A oposição, composta por parlamentares do PSOL, PT, PCdoB e PDT, lutou até o fim para barrar a proposta. Um substitutivo que preservava o caráter público do Dmae chegou a ser apresentado, mas foi derrotado pela maioria governista. Como denunciou o vereador Roberto Robaina (PSOL):
“É um grave erro, um prejuízo para Porto Alegre, mas ainda em que ter o processo de privatização. Nós vamos cobrar que o BNDES não autorize essa privatização. Nisso tem importância o governo federal. Não vamos aceitar essa entrega.”

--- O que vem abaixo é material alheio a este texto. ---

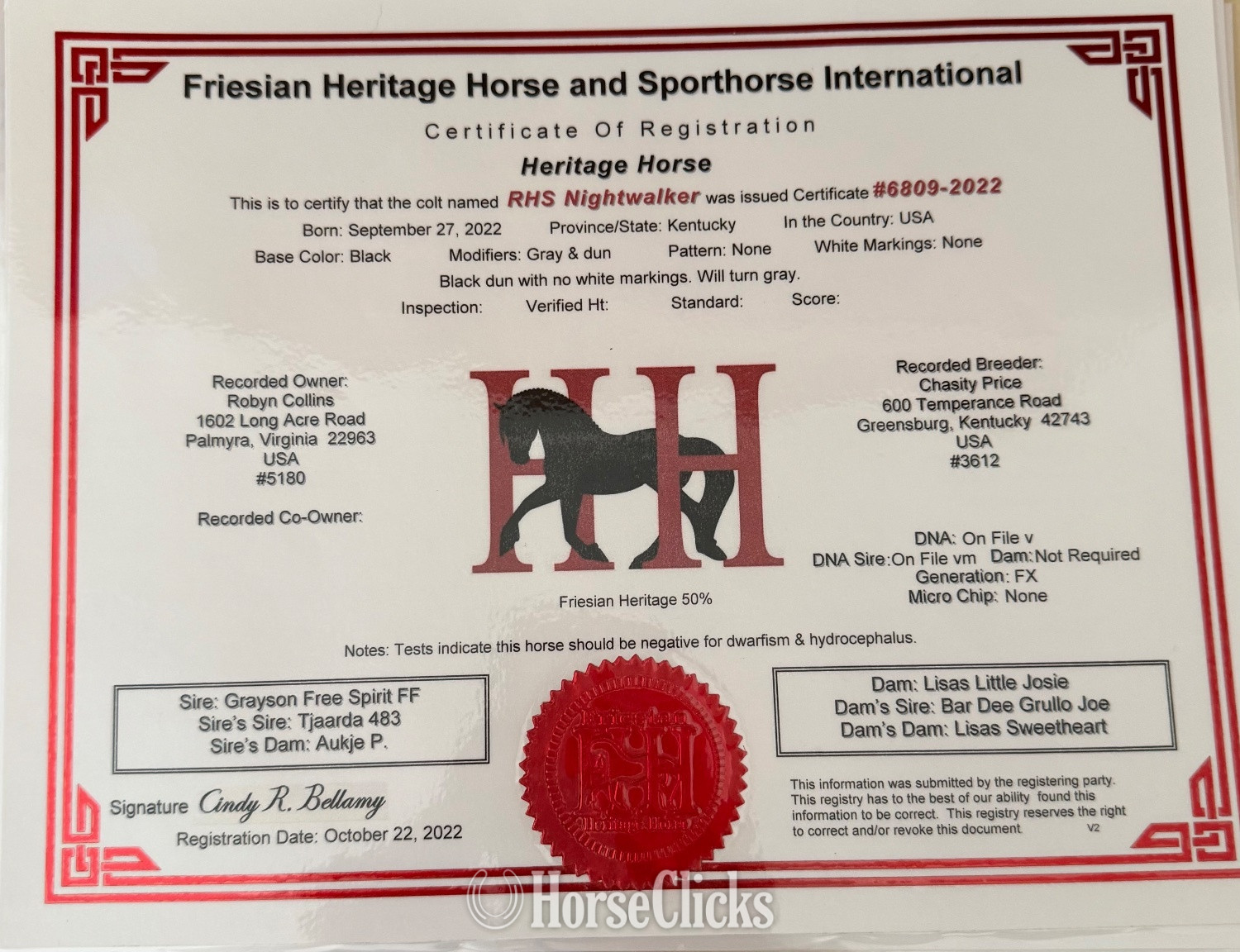 Virginia "RHS Night Walker " Dun Gelding Friesian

O vereador Robaina já havia alertado que “há um interesse econômico em ocupar esse mercado que é um mercado altamente lucrativo” e que esse interesse está movendo a base do prefeito Sebastião Melo.
A voz das ruas silenciada
Desde as primeiras horas do dia, servidores do Dmae, municipários, sindicalistas e movimentos sociais ocuparam o entorno e as galerias da Câmara. Do lado de fora, o Sindicato dos Municipários de Porto Alegre (Simpa) instalou um telão para transmitir a sessão, enquanto os gritos de “água é um direito, não mercadoria” ecoavam sem trégua.
O plebiscito popular e as 17 audiências públicas realizadas sobre o tema já haviam mostrado a vontade da cidade: a maioria absoluta da população se manifestou contra a entrega do Dmae. Ainda assim, a base do governo escolheu ignorar a voz das ruas.

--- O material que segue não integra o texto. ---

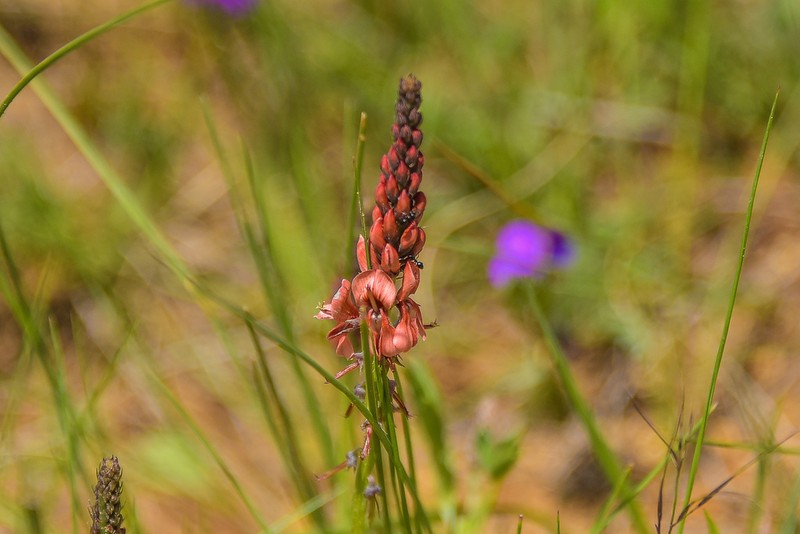 Indigofera dimidiata photo 5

“O que se aprovou hoje é um ataque direto ao direito à água pública, de qualidade e com tarifa justa”, afirmou o Simpa, em nota conjunta com o Cores Dmae.

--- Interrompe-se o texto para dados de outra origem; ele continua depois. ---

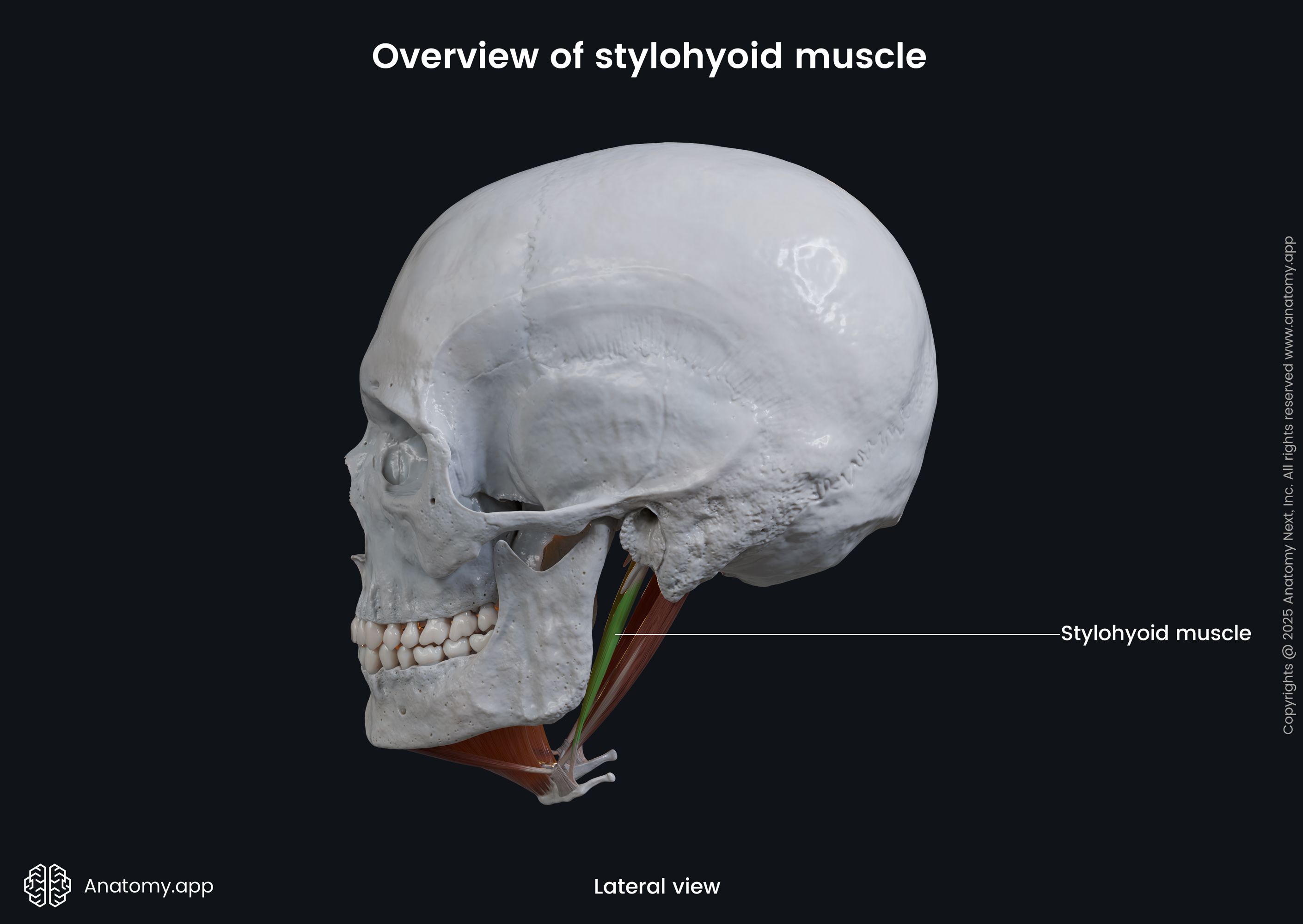 Stylohyoid (lateral view)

Cenas de truculência que chocaram a cidade
Na sessão de 15 de outubro, quando o projeto estava em pauta, ocorreram graves atos de violência por parte da Guarda Municipal de Porto Alegre (GMP) contra vereadores de oposição e manifestantes. Foi registrado o uso de balas de borracha, gás lacrimogêneo e spray de pimenta.
A nota da oposição afirmou: “Durante a sessão … manifestantes foram impedidos de acessar o plenário para acompanhar o debate público.” Entre os feridos, quatro vereadores.
A ação foi ordenada por agentes da ROMU, subordinados à Secretaria Municipal de Segurança, por determinação da presidente da Câmara, Comandante Nádia (PL).
O episódio constrangeu a institucionalidade democrática de Porto Alegre: o prefeito Melo determinou abertura de inquérito, mas a oposição exige punição, responsabilização política e renúncia da presidência da casa.
Um futuro mais caro e excludente
Para os críticos da concessão, trata-se de uma entrega que vai encarecer tarifas e reduzir o controle social sobre o serviço de água – um direito humano essencial. Como alertou Robaina, faltou debate qualificado com funcionários e técnicos do Dmae, para quem o órgão ainda pode operar de forma pública e com qualidade.
A experiência em outras cidades indica que, após privatizações ou concessões deste tipo, o resultado costuma ser aumento de custo à população e queda na qualidade do serviço. O sindicalismo local – por meio do Simpa – reforça que “autorização ao governo Melo para realizar a concessão/privatização do DMAE é um ataque direto ao direito à água pública, de qualidade e com tarifa justa”.
Próximos passos e resistência
Apesar da aprovação, a batalha está longe de terminar. A oposição reafirmou que vai cobrar que o Banco Nacional de Desenvolvimento Econômico e Social (BNDES) não autorize a privatização, conforme o próprio Robaina advertiu. Para além disso, servidores e movimentos sociais prometem mobilizações, greves e ações judiciais para impedir ou frear a execução da concessão, em defesa de um Dmae 100% público, transparente e democrático.
“Essa luta não acaba aqui. Há oito anos resistimos à entrega do Dmae, e vamos continuar resistindo”, reforçou o Simpa.
A votação desta quinta-feira deixa claro que o governo municipal – com sua maioria parlamentar e estrutura administrativa – preferiu seguir a lógica do mercado do que escutar a população e o funcionalismo. O que se desenha é um padrão de tomada de decisões que vulnera os princípios da democracia participativa e entrega o patrimônio público às mãos de interesses privados, e expõe, mais uma vez, o caráter antipopular do governo.
Se haverá aumento de tarifa ou piora na prestação, só o tempo dirá – mas a alternativa, a de manter o serviço público, forte, técnico e a serviço das pessoas, foi deliberadamente descartada.